**ASSIGNMENT**
Starting with the line that has "アムール ユミット 2階 築20年11ヶ月の賃貸物件" and finishing with the line that has "Coach and bus", set down each line below exactly. Pictures are not copied.

**SOURCE MATERIAL**
═══
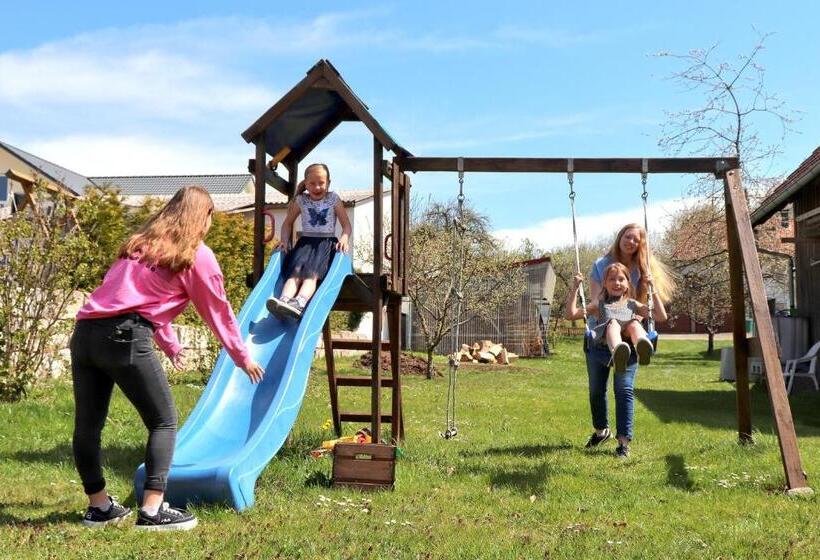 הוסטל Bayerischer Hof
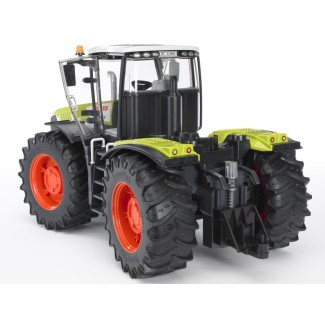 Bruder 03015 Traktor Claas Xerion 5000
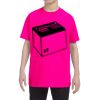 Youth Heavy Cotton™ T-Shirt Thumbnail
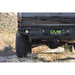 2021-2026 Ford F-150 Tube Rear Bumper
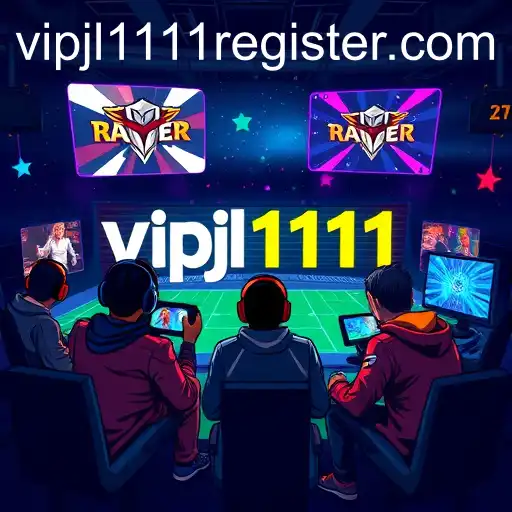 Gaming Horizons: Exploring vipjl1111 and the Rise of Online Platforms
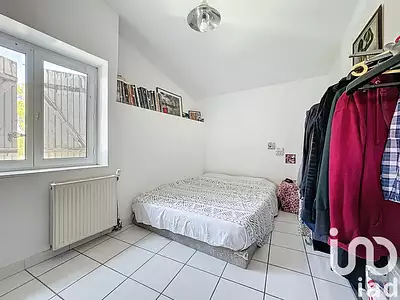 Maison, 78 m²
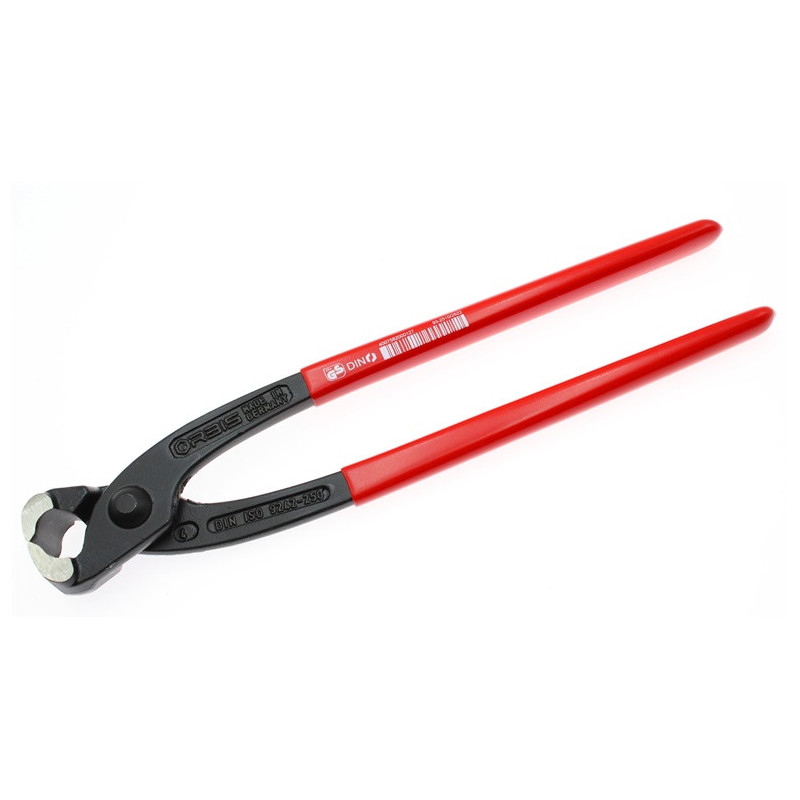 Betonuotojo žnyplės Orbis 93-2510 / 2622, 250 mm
═══
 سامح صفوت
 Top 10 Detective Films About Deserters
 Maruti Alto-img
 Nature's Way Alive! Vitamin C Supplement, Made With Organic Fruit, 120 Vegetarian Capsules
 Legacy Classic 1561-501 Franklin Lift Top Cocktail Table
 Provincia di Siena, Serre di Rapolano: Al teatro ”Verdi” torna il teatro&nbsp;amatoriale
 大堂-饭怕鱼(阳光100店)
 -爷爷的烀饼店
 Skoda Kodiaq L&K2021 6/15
═══
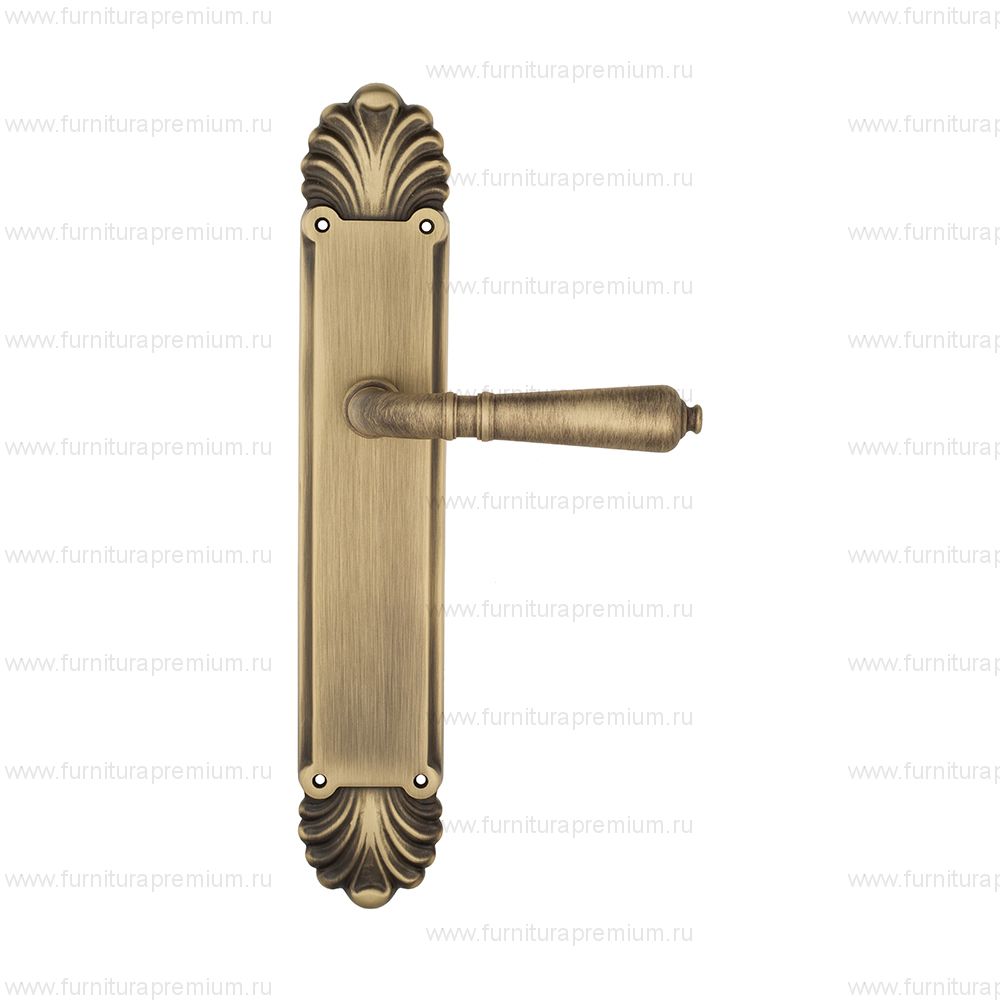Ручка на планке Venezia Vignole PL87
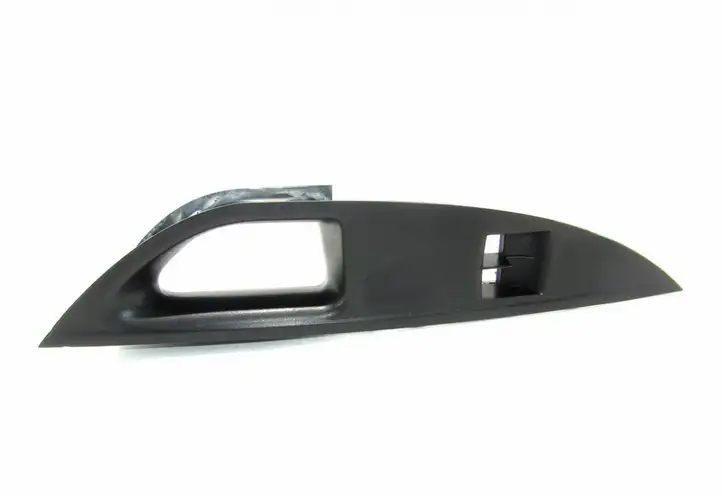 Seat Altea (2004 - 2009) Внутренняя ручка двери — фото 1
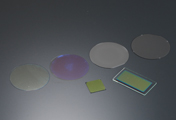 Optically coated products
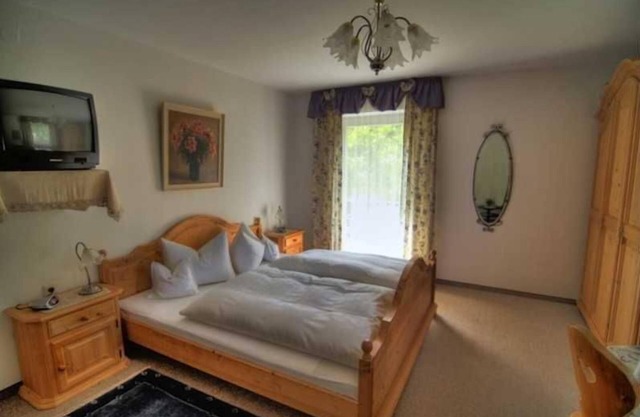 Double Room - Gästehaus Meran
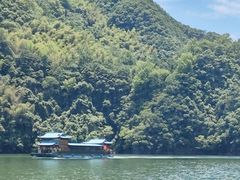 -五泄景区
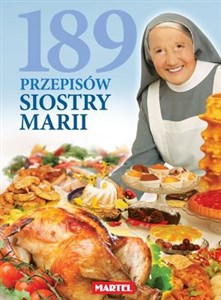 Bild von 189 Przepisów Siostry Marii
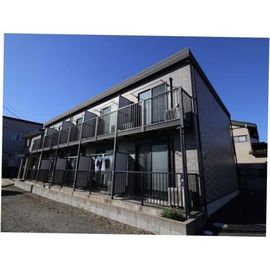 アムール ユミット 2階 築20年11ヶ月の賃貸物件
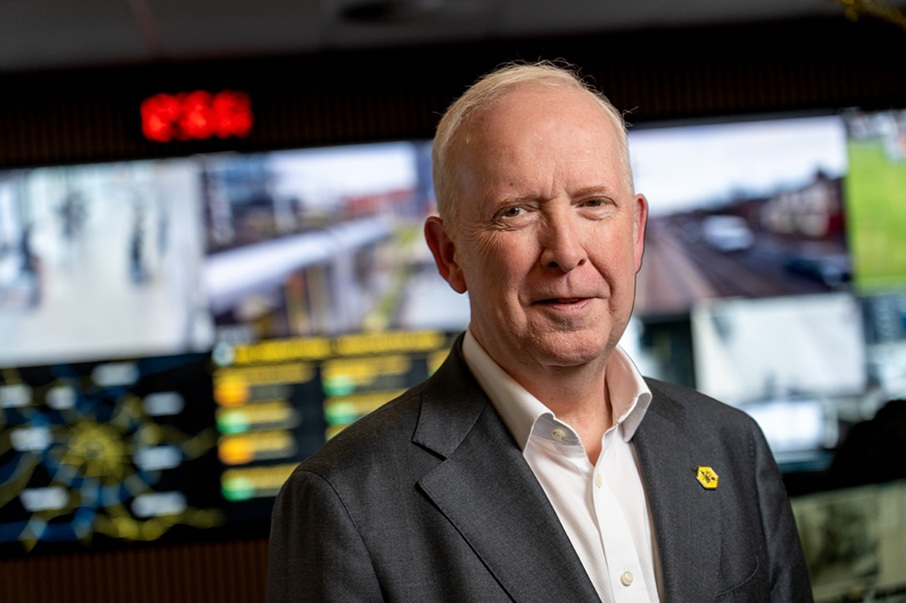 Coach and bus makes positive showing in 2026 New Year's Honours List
═══
**SOLUTION BELOW**
 アムール ユミット 2階 築20年11ヶ月の賃貸物件
 Coach and bus makes positive showing in 2026 New Year's Honours List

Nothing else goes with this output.